These findings suggest that serum ANGPTL2 levels in breast cancer patients could represent a potential marker of breast cancer metastasis.

Introduction

Breast cancer is the most frequently diagnosed malignant neoplasm in women and is a leading cause of cancer-related death worldwide (1). Breast cancer mortality after therapeutic intervention is primarily due to metastasis of tumor cells from the primary lesion (2, 3). Therefore, identification of the molecular mechanisms driving breast cancer metastasis is important in order to develop effective therapeutic or early diagnostic strategies to treat this condition.

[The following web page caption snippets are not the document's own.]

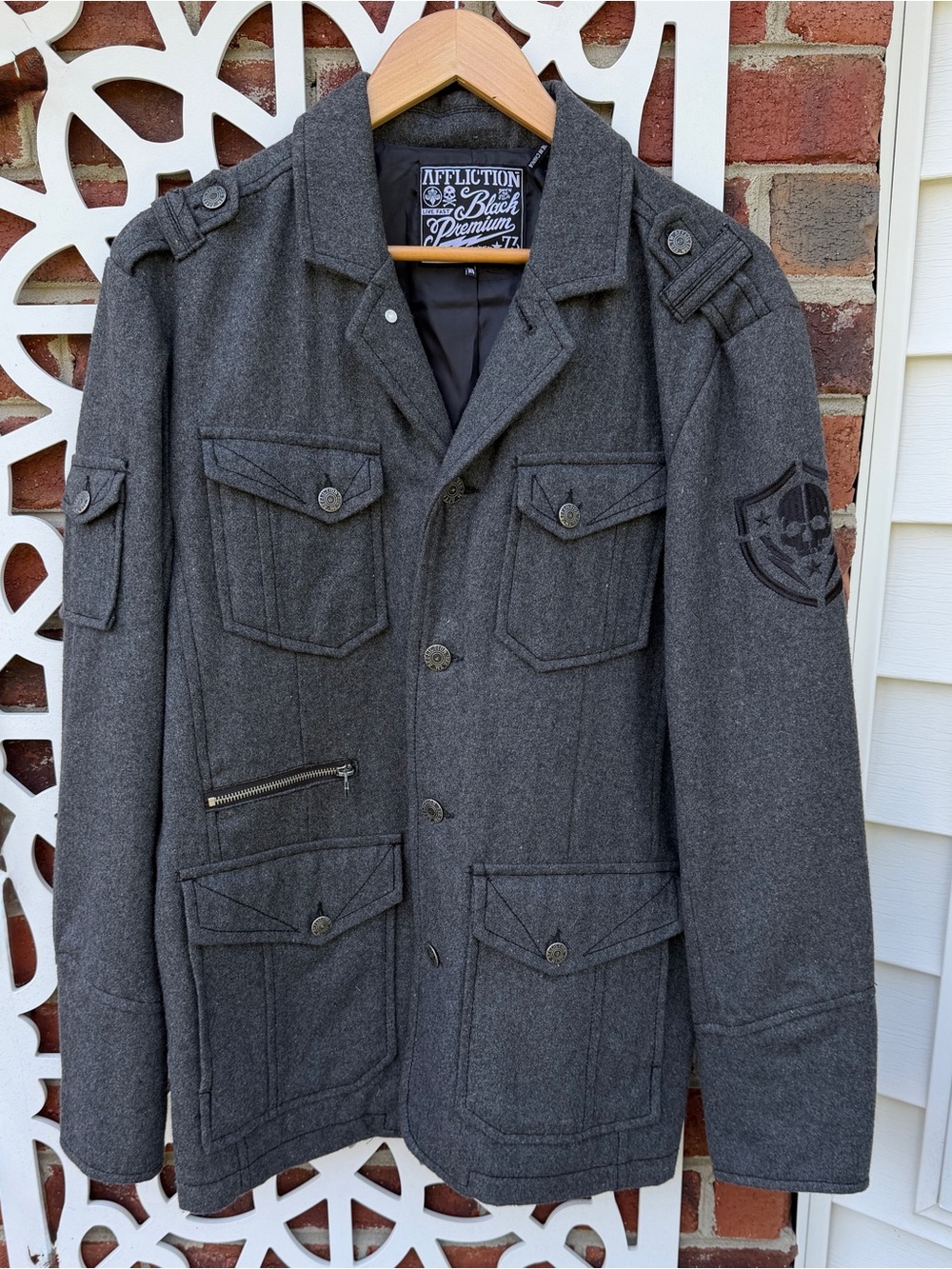 Affliction Black Premium Military Skull Jacket Men’s L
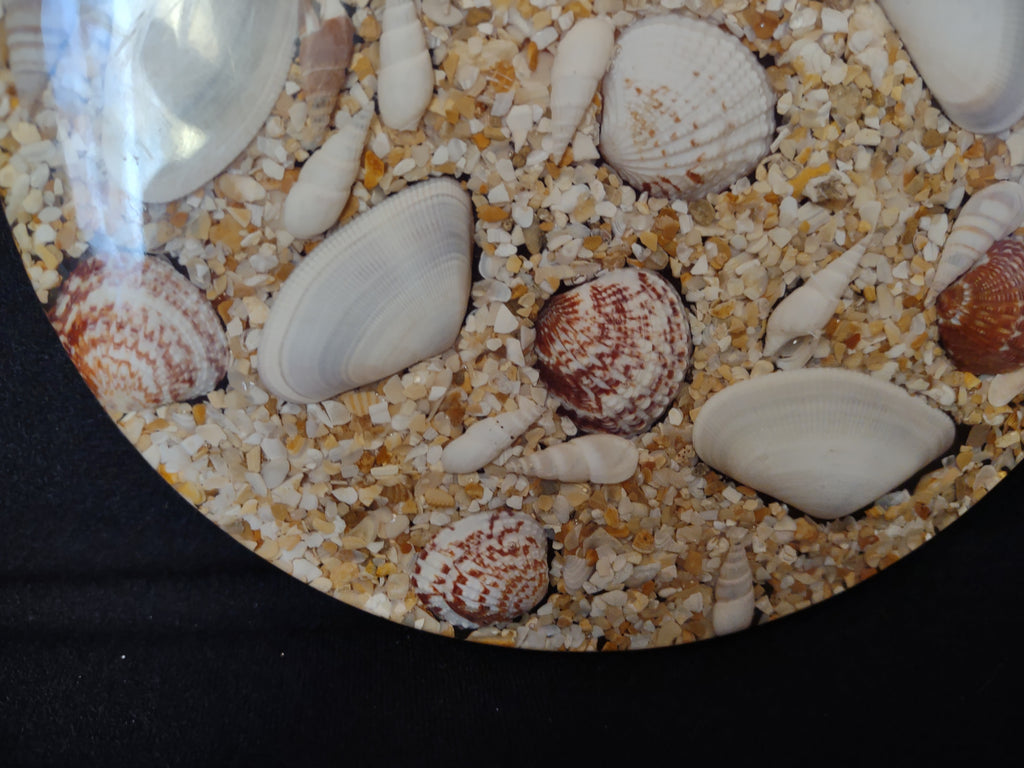 Vintage Acrylic Shell Trivet Handmade with Beach Sand (lot 1697)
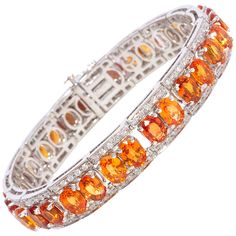 Blue Diamond Jewelry, Orange Diamond, Orange Gem, Orange Jewelry, Diamond Bracelet Design, Orange Bracelet, Pearl Jewels, Gems Bracelet, Sparkly Jewelry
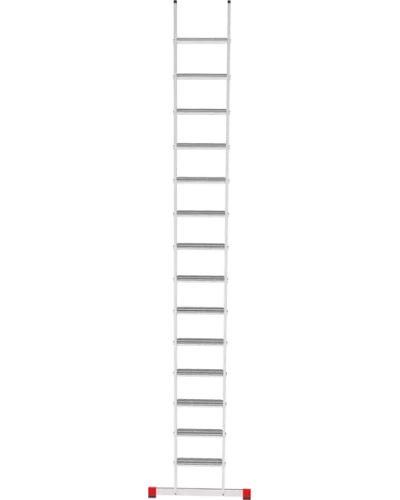 Лестница алюминиевая односекционная 14 развальцованных ступеней 80 мм NV5214 Новая высота 5214114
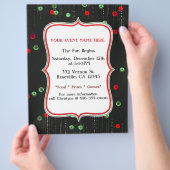 Kerst rood & groen sequins feest flyer (Hand)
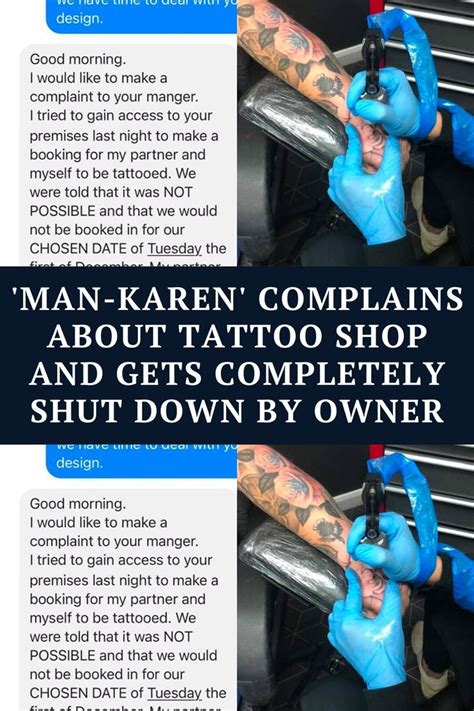 Two Pictures With The Words Man Kanen Complaints About Tattoo Shop And Gets Completely Shut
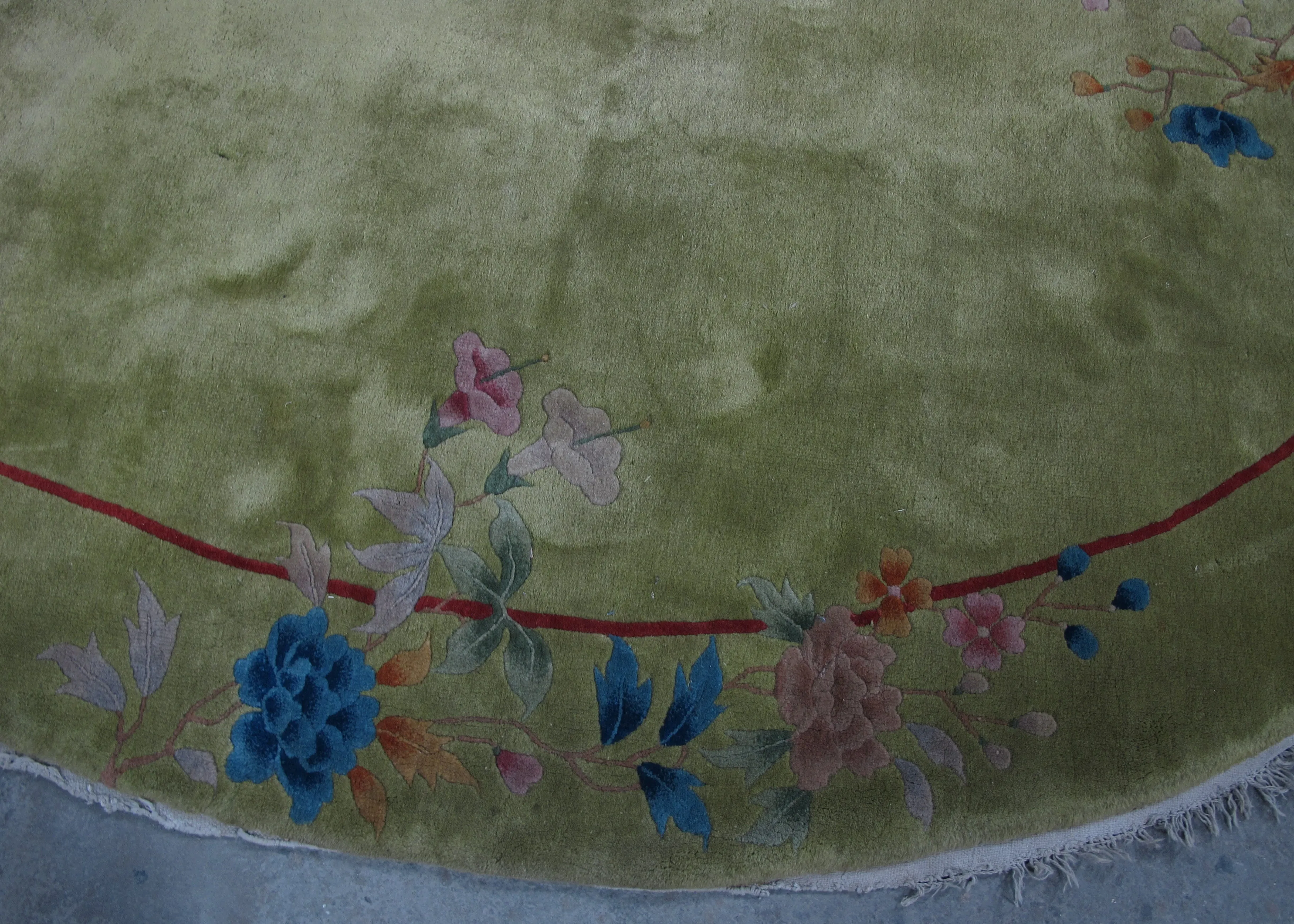 Oval Chinese Art Deco Rug, 9 ft x 8 ft 9 in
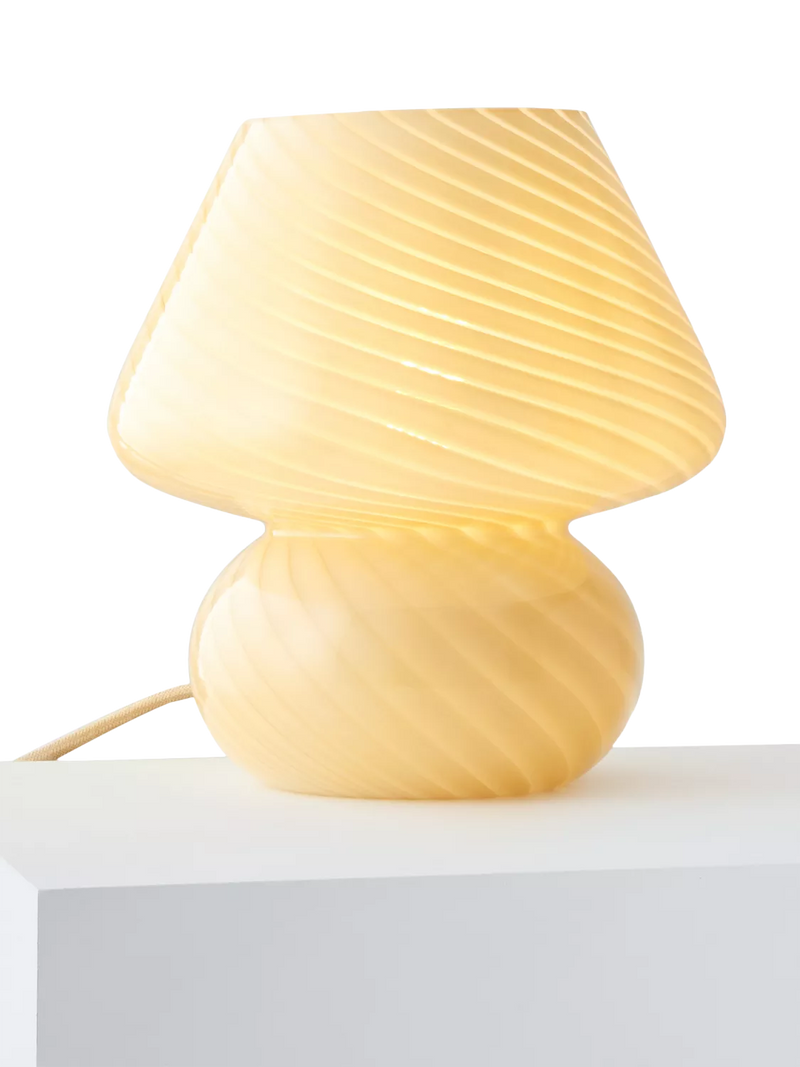 John Lewis glass mushroom table lamp, British brand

Recently, chronic inflammation has received much attention as playing a key role at various stages of tumor development, including initiation, growth, invasion, and metastasis (4). In this regard, we recently reported that angiopoietin-like protein 2 (ANGPTL2) increases inflammatory carcinogenesis (5). Furthermore, our xenograft studies in female mice transplanted with MDA-MB231 breast cancer cells demonstrated that tumor cell-derived ANGPTL2 accelerates tumor metastasis by increasing tumor cell migration and enhancing tumor angiogenesis (6). However, the role of ANGPTL2 in the clinical pathogenesis of breast cancer remains uncharacterized.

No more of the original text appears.